One is Castillo de Feliciana, which sells wines grown on a 66-acre estate south of Walla Walla. Like many other tasting rooms, the grapes are grown in Eastern Washington and the wine is sold across the mountains. About 75 percent of Castillo de Feliciana’s sales come from its Woodinville tasting room, said project manager Deloa Dalby.

The tasting room has “deep agricultural roots,” Dalby said. They don’t want the agricultural district across the street to change.


Within the valley sits Eunomia Farms, where Andrew Ely grows peas, tomatoes, kale, radishes and other produce on an acre. He says he has issues with drainage on his farm and worries about an increase in sewage and runoff that could flow into the farmland from the businesses across the street.

He also worries that the ordinance would bring more development to the Sammamish Valley.

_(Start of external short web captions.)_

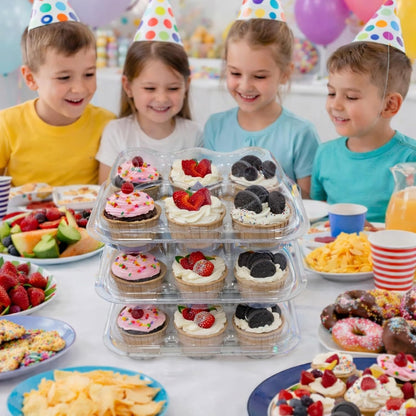 WIKDAY 6 Count Cupcake Containers with Lids, 30 Pack Stackable cupcake holders Clear Plastic Dessert Boxes for 180 Cupcakes, Muffins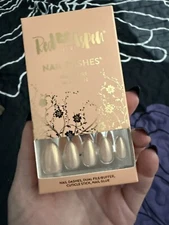 New Red Aspen Darlene's a Show Stopper Medium Almond Press On Nail Dashes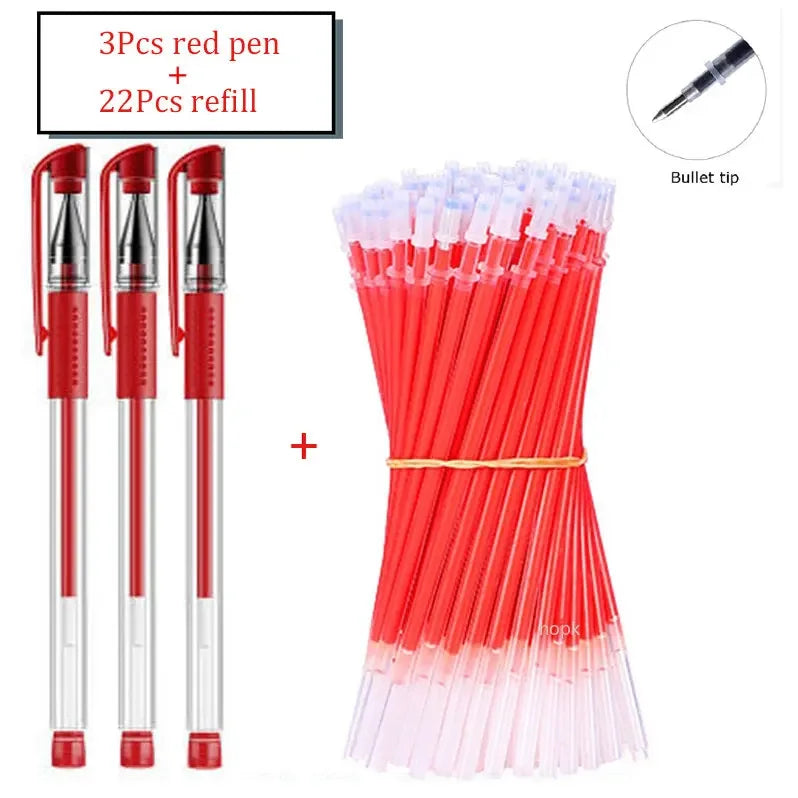 7/35 PCS Gel Pen Set School Supplies Black Blue Red Ink Color Ballpoint Pen Kawaii Pen Writing Tool School Office Stationery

“The question is, which direction do you want the Sammamish Valley to go? ” Ely said. “The Kent Valley is entirely gone, the Green River Valley in Auburn, that whole area has seen a transformation. We know the pathway for when you open rural and agricultural land to commercialization.”

King County Councilmember Kathy Lambert, whose district includes a portion of Woodinville, said no one wants to see development of the agricultural district. However, she thinks that farms can benefit from the tasting rooms in rural areas.

“There are people who are enjoying these establishments on Friday or Saturday night, and they see these beautiful farms and decide ‘I am going to go buy something there,’ ” she said. “It’s a good symbiotic relationship.”

Ordinance opponents have suggested that the tasting rooms simply move their operations to the Woodinville urban area, joining dozens of other similar businesses. But owners say it’s not that easy.


“My farm can’t operate on a cement pad, but these tasting rooms can operate in any capacity, in any location,” Ely said.

Other critics like Serena Glover, founder of Friends of Sammamish Valley, call them “illegally operating bars,” because “they are drinking places, and they are not legal in rural areas.”

Matthews owner Cliff Otis disputes that description.

“There’s not one single thing we are doing that’s illegal,” he said, and noted that, unlike a bar with spirits and beer, they sell only their own wines.

The Otises acknowledge there have been missteps in the past, like an end-of-summer party in September 2017 that was attended by about 1,500 people. The crowd caused a traffic jam and many parked their cars across the street on protected farmland. The owners have since decided to relocate the party to a Snohomish farm.

“We listened, we heard, we changed,” said son Bryan Otis, national sales and marketing director for Matthews Winery. “We want to be good neighbors.”